[Material provided]
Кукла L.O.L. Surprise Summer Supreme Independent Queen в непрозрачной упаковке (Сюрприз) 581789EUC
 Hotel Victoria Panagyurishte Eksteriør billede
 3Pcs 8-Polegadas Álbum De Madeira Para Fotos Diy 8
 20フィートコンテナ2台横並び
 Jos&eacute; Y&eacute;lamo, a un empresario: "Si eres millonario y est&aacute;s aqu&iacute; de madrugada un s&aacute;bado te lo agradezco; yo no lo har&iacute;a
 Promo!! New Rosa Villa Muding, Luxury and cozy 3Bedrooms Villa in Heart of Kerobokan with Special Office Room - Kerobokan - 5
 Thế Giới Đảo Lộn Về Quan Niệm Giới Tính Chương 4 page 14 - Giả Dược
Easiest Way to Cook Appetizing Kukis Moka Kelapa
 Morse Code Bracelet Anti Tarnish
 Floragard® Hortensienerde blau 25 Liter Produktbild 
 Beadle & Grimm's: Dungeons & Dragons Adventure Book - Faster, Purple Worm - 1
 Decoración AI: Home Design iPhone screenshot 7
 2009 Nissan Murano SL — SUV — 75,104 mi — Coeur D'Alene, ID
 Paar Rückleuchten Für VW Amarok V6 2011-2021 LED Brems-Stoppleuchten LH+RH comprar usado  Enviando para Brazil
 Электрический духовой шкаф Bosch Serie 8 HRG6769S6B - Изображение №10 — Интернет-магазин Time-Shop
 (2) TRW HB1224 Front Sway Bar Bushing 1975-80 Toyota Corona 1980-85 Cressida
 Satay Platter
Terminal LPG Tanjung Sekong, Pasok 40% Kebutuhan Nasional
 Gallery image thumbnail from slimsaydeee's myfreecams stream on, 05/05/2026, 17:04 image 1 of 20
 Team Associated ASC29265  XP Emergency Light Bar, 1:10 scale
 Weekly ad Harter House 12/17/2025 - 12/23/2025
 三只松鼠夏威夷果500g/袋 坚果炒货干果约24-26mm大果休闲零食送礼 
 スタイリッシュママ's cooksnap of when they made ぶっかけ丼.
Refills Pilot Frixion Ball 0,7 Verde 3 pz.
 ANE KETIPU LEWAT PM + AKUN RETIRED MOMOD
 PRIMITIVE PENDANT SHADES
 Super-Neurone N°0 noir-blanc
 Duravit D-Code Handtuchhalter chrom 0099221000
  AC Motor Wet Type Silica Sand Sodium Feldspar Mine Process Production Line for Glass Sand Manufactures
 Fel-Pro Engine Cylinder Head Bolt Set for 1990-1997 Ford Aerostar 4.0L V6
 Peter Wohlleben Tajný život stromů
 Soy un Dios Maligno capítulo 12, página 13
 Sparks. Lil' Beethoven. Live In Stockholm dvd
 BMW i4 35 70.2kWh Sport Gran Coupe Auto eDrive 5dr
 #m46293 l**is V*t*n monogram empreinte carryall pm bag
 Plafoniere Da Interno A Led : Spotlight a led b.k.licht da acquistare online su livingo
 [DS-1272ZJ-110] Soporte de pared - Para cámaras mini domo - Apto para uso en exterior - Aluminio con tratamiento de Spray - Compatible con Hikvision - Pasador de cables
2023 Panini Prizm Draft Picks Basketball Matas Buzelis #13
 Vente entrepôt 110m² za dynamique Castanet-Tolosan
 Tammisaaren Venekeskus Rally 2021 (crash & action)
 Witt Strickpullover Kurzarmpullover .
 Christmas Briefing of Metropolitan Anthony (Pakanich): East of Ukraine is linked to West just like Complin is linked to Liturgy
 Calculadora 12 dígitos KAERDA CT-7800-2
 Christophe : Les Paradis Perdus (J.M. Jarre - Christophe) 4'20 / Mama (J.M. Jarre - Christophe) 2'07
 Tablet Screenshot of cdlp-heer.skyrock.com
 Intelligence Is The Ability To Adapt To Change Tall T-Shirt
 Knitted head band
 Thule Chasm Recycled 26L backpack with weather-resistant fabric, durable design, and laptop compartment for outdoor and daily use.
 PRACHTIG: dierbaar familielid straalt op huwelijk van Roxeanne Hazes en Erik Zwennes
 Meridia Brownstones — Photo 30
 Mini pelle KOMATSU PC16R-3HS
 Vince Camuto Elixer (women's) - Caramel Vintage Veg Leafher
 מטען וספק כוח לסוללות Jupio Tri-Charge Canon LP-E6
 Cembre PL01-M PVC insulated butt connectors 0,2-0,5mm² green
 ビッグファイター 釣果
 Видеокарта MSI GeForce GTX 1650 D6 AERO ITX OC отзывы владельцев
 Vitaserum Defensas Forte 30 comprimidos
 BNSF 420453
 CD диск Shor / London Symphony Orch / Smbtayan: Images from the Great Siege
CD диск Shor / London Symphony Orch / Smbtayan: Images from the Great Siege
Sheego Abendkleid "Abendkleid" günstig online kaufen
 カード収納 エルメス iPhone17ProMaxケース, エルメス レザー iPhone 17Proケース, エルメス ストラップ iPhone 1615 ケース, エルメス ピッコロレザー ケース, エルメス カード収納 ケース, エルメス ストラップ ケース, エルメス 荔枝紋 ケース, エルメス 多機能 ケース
[/Material provided]
### Problem statement
Print the entries above exactly as they were written, down to the last line.

### The answer
Кукла L.O.L. Surprise Summer Supreme Independent Queen в непрозрачной упаковке (Сюрприз) 581789EUC
 Hotel Victoria Panagyurishte Eksteriør billede
 3Pcs 8-Polegadas Álbum De Madeira Para Fotos Diy 8
 20フィートコンテナ2台横並び
 Jos&eacute; Y&eacute;lamo, a un empresario: "Si eres millonario y est&aacute;s aqu&iacute; de madrugada un s&aacute;bado te lo agradezco; yo no lo har&iacute;a
 Promo!! New Rosa Villa Muding, Luxury and cozy 3Bedrooms Villa in Heart of Kerobokan with Special Office Room - Kerobokan - 5
 Thế Giới Đảo Lộn Về Quan Niệm Giới Tính Chương 4 page 14 - Giả Dược
Easiest Way to Cook Appetizing Kukis Moka Kelapa
 Morse Code Bracelet Anti Tarnish
 Floragard® Hortensienerde blau 25 Liter Produktbild 
 Beadle & Grimm's: Dungeons & Dragons Adventure Book - Faster, Purple Worm - 1
 Decoración AI: Home Design iPhone screenshot 7
 2009 Nissan Murano SL — SUV — 75,104 mi — Coeur D'Alene, ID
 Paar Rückleuchten Für VW Amarok V6 2011-2021 LED Brems-Stoppleuchten LH+RH comprar usado  Enviando para Brazil
 Электрический духовой шкаф Bosch Serie 8 HRG6769S6B - Изображение №10 — Интернет-магазин Time-Shop
 (2) TRW HB1224 Front Sway Bar Bushing 1975-80 Toyota Corona 1980-85 Cressida
 Satay Platter
Terminal LPG Tanjung Sekong, Pasok 40% Kebutuhan Nasional
 Gallery image thumbnail from slimsaydeee's myfreecams stream on, 05/05/2026, 17:04 image 1 of 20
 Team Associated ASC29265  XP Emergency Light Bar, 1:10 scale
 Weekly ad Harter House 12/17/2025 - 12/23/2025
 三只松鼠夏威夷果500g/袋 坚果炒货干果约24-26mm大果休闲零食送礼 
 スタイリッシュママ's cooksnap of when they made ぶっかけ丼.
Refills Pilot Frixion Ball 0,7 Verde 3 pz.
 ANE KETIPU LEWAT PM + AKUN RETIRED MOMOD
 PRIMITIVE PENDANT SHADES
 Super-Neurone N°0 noir-blanc
 Duravit D-Code Handtuchhalter chrom 0099221000
  AC Motor Wet Type Silica Sand Sodium Feldspar Mine Process Production Line for Glass Sand Manufactures
 Fel-Pro Engine Cylinder Head Bolt Set for 1990-1997 Ford Aerostar 4.0L V6
 Peter Wohlleben Tajný život stromů
 Soy un Dios Maligno capítulo 12, página 13
 Sparks. Lil' Beethoven. Live In Stockholm dvd
 BMW i4 35 70.2kWh Sport Gran Coupe Auto eDrive 5dr
 #m46293 l**is V*t*n monogram empreinte carryall pm bag
 Plafoniere Da Interno A Led : Spotlight a led b.k.licht da acquistare online su livingo
 [DS-1272ZJ-110] Soporte de pared - Para cámaras mini domo - Apto para uso en exterior - Aluminio con tratamiento de Spray - Compatible con Hikvision - Pasador de cables
2023 Panini Prizm Draft Picks Basketball Matas Buzelis #13
 Vente entrepôt 110m² za dynamique Castanet-Tolosan
 Tammisaaren Venekeskus Rally 2021 (crash & action)
 Witt Strickpullover Kurzarmpullover .
 Christmas Briefing of Metropolitan Anthony (Pakanich): East of Ukraine is linked to West just like Complin is linked to Liturgy
 Calculadora 12 dígitos KAERDA CT-7800-2
 Christophe : Les Paradis Perdus (J.M. Jarre - Christophe) 4'20 / Mama (J.M. Jarre - Christophe) 2'07
 Tablet Screenshot of cdlp-heer.skyrock.com
 Intelligence Is The Ability To Adapt To Change Tall T-Shirt
 Knitted head band
 Thule Chasm Recycled 26L backpack with weather-resistant fabric, durable design, and laptop compartment for outdoor and daily use.
 PRACHTIG: dierbaar familielid straalt op huwelijk van Roxeanne Hazes en Erik Zwennes
 Meridia Brownstones — Photo 30
 Mini pelle KOMATSU PC16R-3HS
 Vince Camuto Elixer (women's) - Caramel Vintage Veg Leafher
 מטען וספק כוח לסוללות Jupio Tri-Charge Canon LP-E6
 Cembre PL01-M PVC insulated butt connectors 0,2-0,5mm² green
 ビッグファイター 釣果
 Видеокарта MSI GeForce GTX 1650 D6 AERO ITX OC отзывы владельцев
 Vitaserum Defensas Forte 30 comprimidos
 BNSF 420453
 CD диск Shor / London Symphony Orch / Smbtayan: Images from the Great Siege
CD диск Shor / London Symphony Orch / Smbtayan: Images from the Great Siege
Sheego Abendkleid "Abendkleid" günstig online kaufen
 カード収納 エルメス iPhone17ProMaxケース, エルメス レザー iPhone 17Proケース, エルメス ストラップ iPhone 1615 ケース, エルメス ピッコロレザー ケース, エルメス カード収納 ケース, エルメス ストラップ ケース, エルメス 荔枝紋 ケース, エルメス 多機能 ケース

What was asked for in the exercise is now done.